One of two teenage boys exploring a well-worn fire escape on the side of an Uptown condominium building fell four stories to his death, his father said Thursday.
On the weekend before he was to start 11th grade at Minneapolis Southwest High School, Blake Fannin fell early Sunday from what his father said was a fire escape that appeared to be in need of maintenance.
The seven-unit brick building, at 2501 Girard Avenue S., is about a block from where Fannin lived with his mother.
The ladder "swung out and he fell," Kevin Fannin, who lives in Florida, said of the fire escape, which he has seen and described as rusted and "in bad disrepair."

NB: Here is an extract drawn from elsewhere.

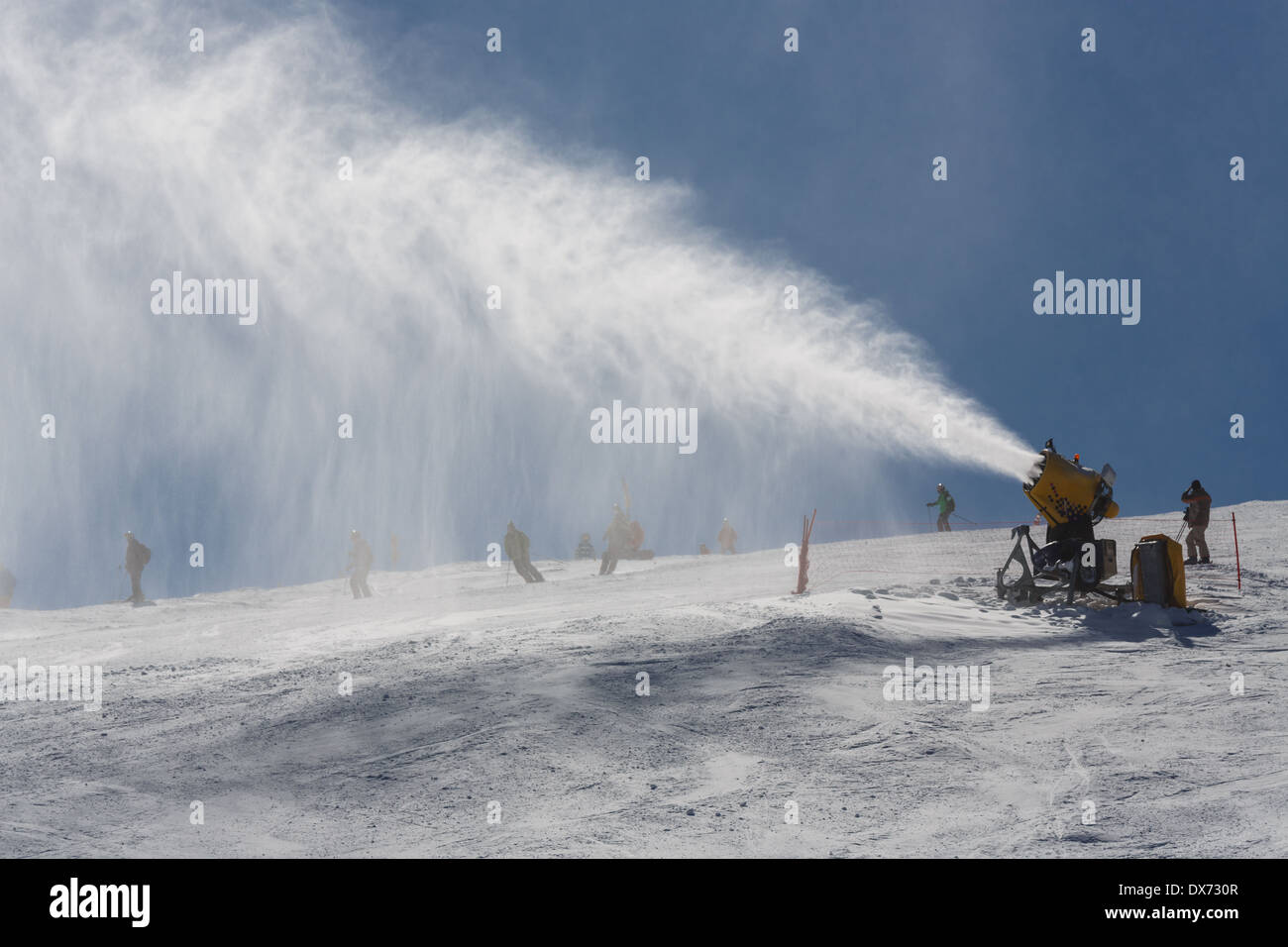 La pulvérisation de la neige La neige sur les pistes pour les skieurs de montagne Banque D'Images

The father acknowledged that Blake and the other boy, who was not hurt, "probably shouldn't have been doing what they had been doing," but if the fire escape was in "decent shape, this wouldn't have happened. … If they had a fire and they had to use it, no way."
The building has two fire escapes, and both appeared well rusted Thursday, with chunks of metal missing. The ladder on the fire escape from which Blake Fannin had been on was jutting out at the top Thursday, but resident Vaughn Ormseth said the ladder was much closer to the building on the afternoon after the teen fell.
Resident Manly Zimmerman, an attorney, has been designated as a spokesman for the 100-year-old building's occupants, and he had little to say about the circumstances surrounding Fannin's death or the upkeep of the property.
"It's unfortunate, I feel very badly for the family," said Zimmerman, who added that "I'm not talking to you as a lawyer. I'm talking to you as a resident."